Legislative action is needed to provide more protection to consumers, said Al Pascual, research director and head of fraud and security at Javelin Strategy and Research.

“One year of (credit) protection isn’t enough,” he said.

Some experts say it’s better to call rather than use the bureaus’ online sites to set up freezes. Their numbers for setting up freezes are:

• Equifax; 800-349-9960

• Experian: 888-397-3742

• TransUnion: 888-909-8872

Step 3: Monitor your accounts

This may last forever.

Freezing your credit only protects you from new criminal activity.

Because of the depth of what the hackers got, and the permanent nature of Social Security numbers, experts say they can cause problems with your existing accounts and go beyond credit cards or loans.

They could possibly use a combination of information to create new passwords on bank accounts or to send in false tax returns.

Stolen data could allow a crook to call a bank and get access to bank accounts or change log-in information.

“For financial institutions, it’s going to cause chaos,” Pascual said.

If there’s evidence an identity thief is at work, Hart suggests filing a Form 14039 with the IRS, an “Identity Theft Affidavit.”

Some accounts, such as 401(k) savings accounts and IRAs, may be difficult to mess with unless hackers also got account numbers, personal identification numbers and passwords, said Hart.

To be safe, Silverman suggests signing up for so-called two-tier authentication.
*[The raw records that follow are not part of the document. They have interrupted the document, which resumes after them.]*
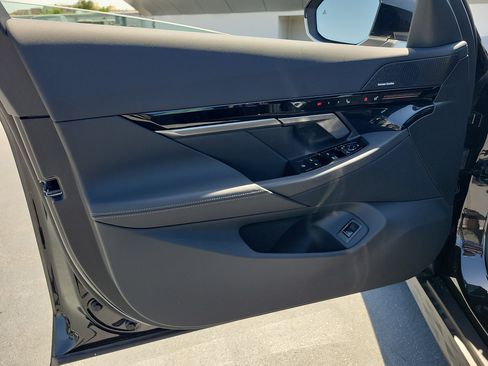 New 2026 BMW 530i w/ Premium Package RWD image 9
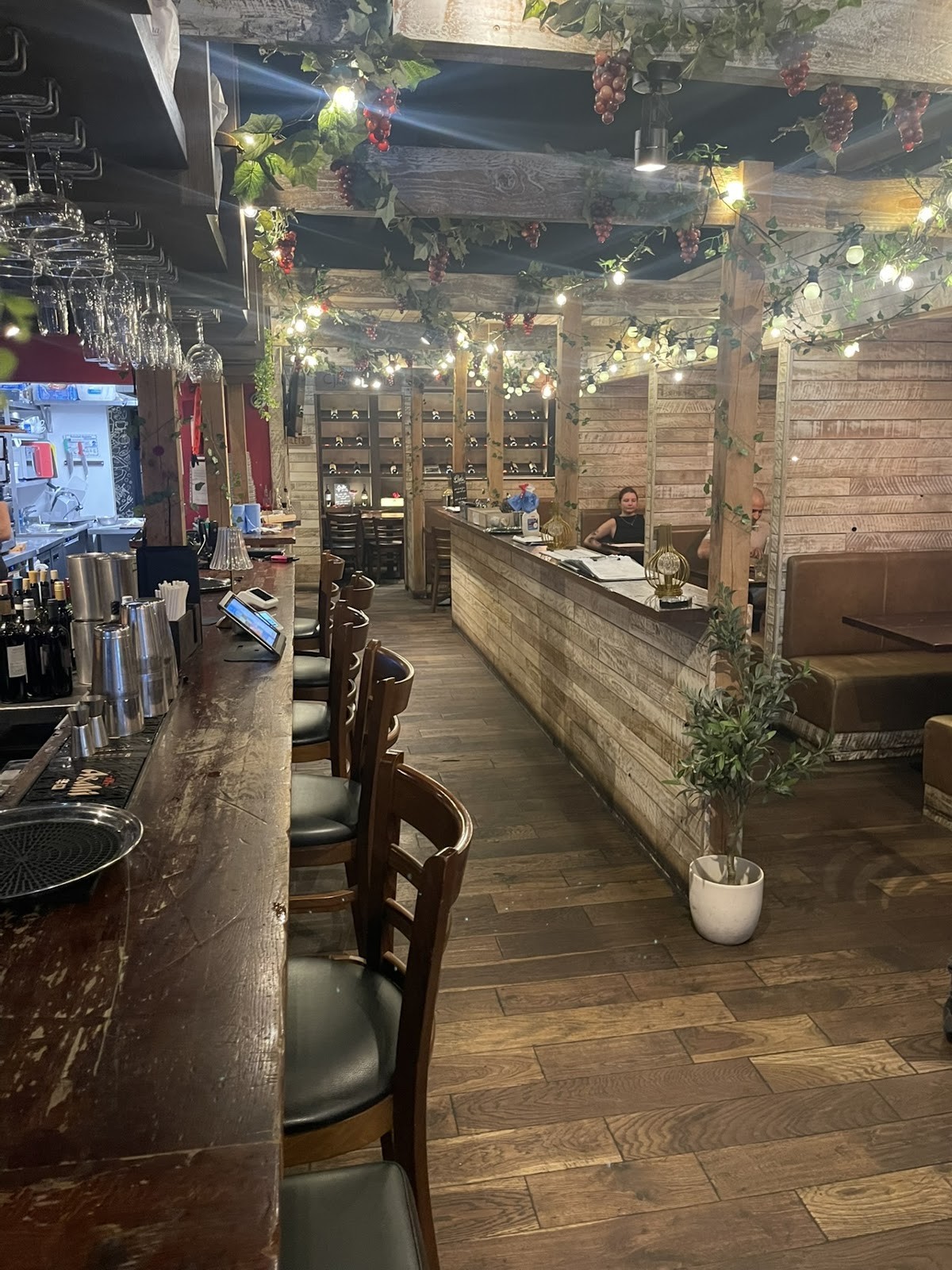 Basil & Grape: the place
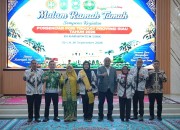 Bupati Siak Soroti Nasib Guru di Pelosok Kampung, Minta PGRI Suarakan ke Pusat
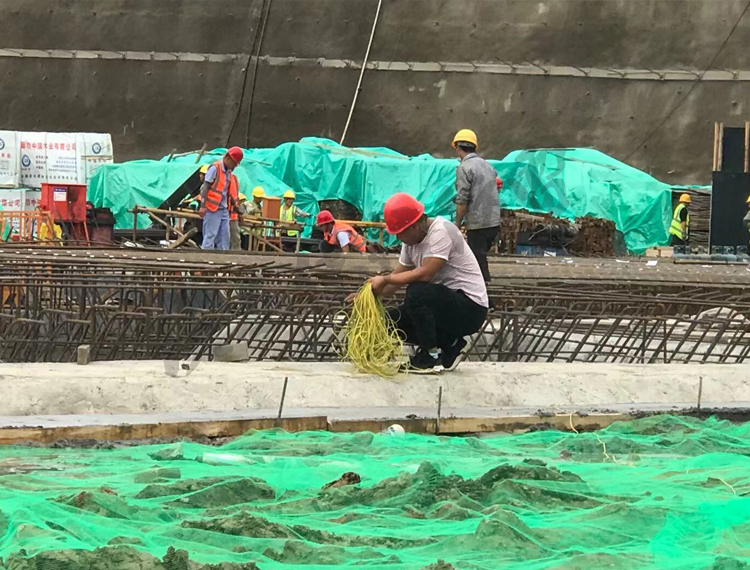 西安曹里村安置房防雷隨工檢測現(xiàn)場1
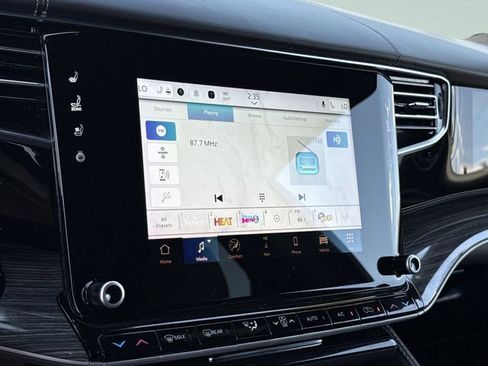 Used 2022 Jeep Wagoneer Series III w/ Rear Seat Video Group 1 image 30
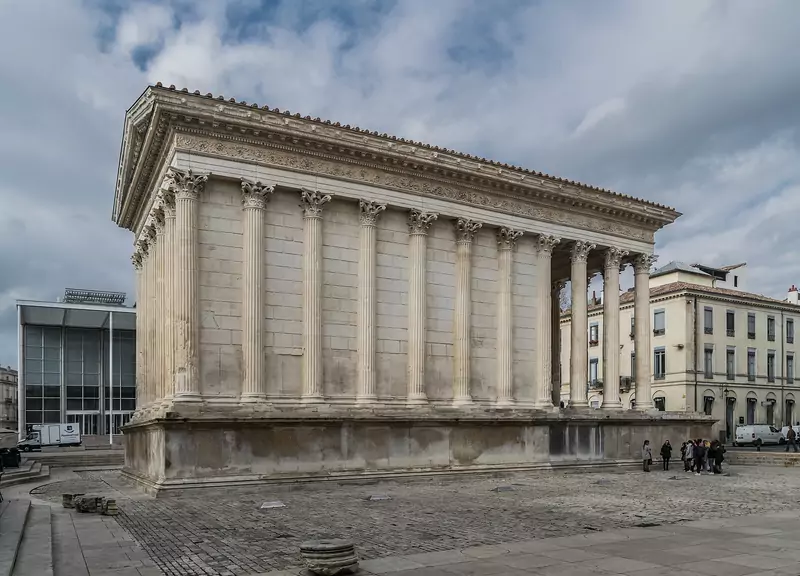 La Maison Carrée, temple romain du centre de Nîmes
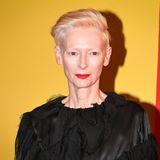 Die Oscar-Preisträgerin ("Michael Clayton") aus Schottland ist Stammgast bei der Berlinale und hat dort, laut eigener Aussage, schon alles gemacht, "außer als Putzfrau zu arbeiten". Nun bekommt sie endlich den Goldenen Ehrenbären für ihr Lebenswerk und präsentiert einen alten Film: "Friendship’s Death" von 1987. Swinton spielt einen außerirdischen Androiden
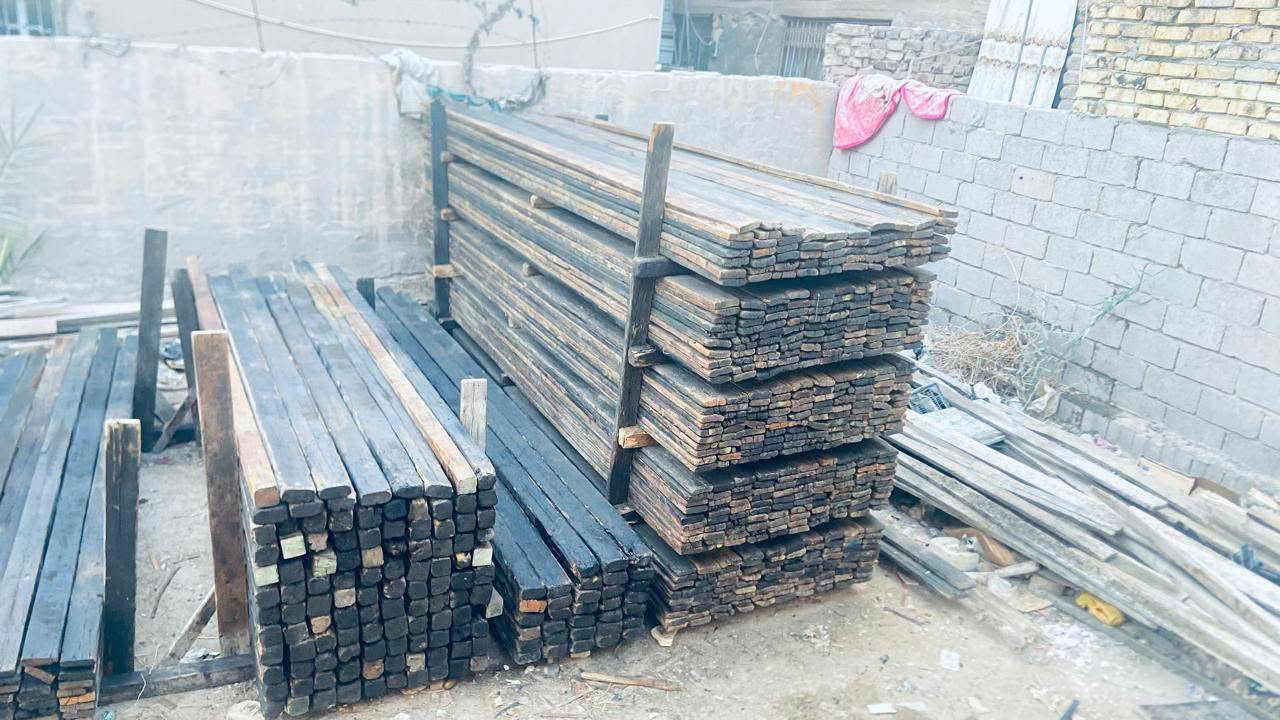 سلام عليكم قالب خشب للبيع العدد 12 مكعب العنوان بابل بسعر مناسب 
الرقم ***********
Many banks, investment firms and other financial institutions now offer this type of account security feature.

It works like this: The customer signs in with his or her normal password, then receives a second ID number by text or a phone call that needs to be typed in to gain access to the account.

Step 4: Hurry, but be patient

People are having trouble signing up for Equifax’s free credit freeze because the company’s system is swamped, according to the experts and folks who have tried.

The breach is “grisly,” said Paige Schaffer, president and COO of insurer Generali Global Assistance’s Identity and Digital Protection Services division, which helps victims of cybercrimes.

At “our resolution center, the phones are ringing off the walls because they can’t get through to the bureaus,” she said.

Silverman said 1,500 people called Clark Howard’s Consumer Action Center on Wednesday, mostly for help with their questions on Equifax. The normal volume is 200 calls, she said.

“I tell people that 143 million of their fellow American citizens are trying to do the same thing, so it’s crashing,” said Silverman. “I’m telling people to wait” on ordering a credit freeze at Equifax, she said.

Hart disagrees. “I don’t think that it’s wise to wait, just because of the sensitivity of the information involved,” he said.

Vernon Keenan, director of the Georgia Bureau of Investigation, said he has tried four times since Wednesday to sign up on Equifax’s website, without success.

“It’s very frustrating to load in the information they ask for, only to get an error message,” he said. It’s sensitive information he doen’t like putting online: full name, Social Security number, address, date of birth.

But he said he’s going to keep doing it until he gets Equifax to freeze his credit information. “I don’t have a choice,” he said.

But Equifax should be “penalized,” he added. “I’d like to see them being held accountable … for having my personal information and losing it.”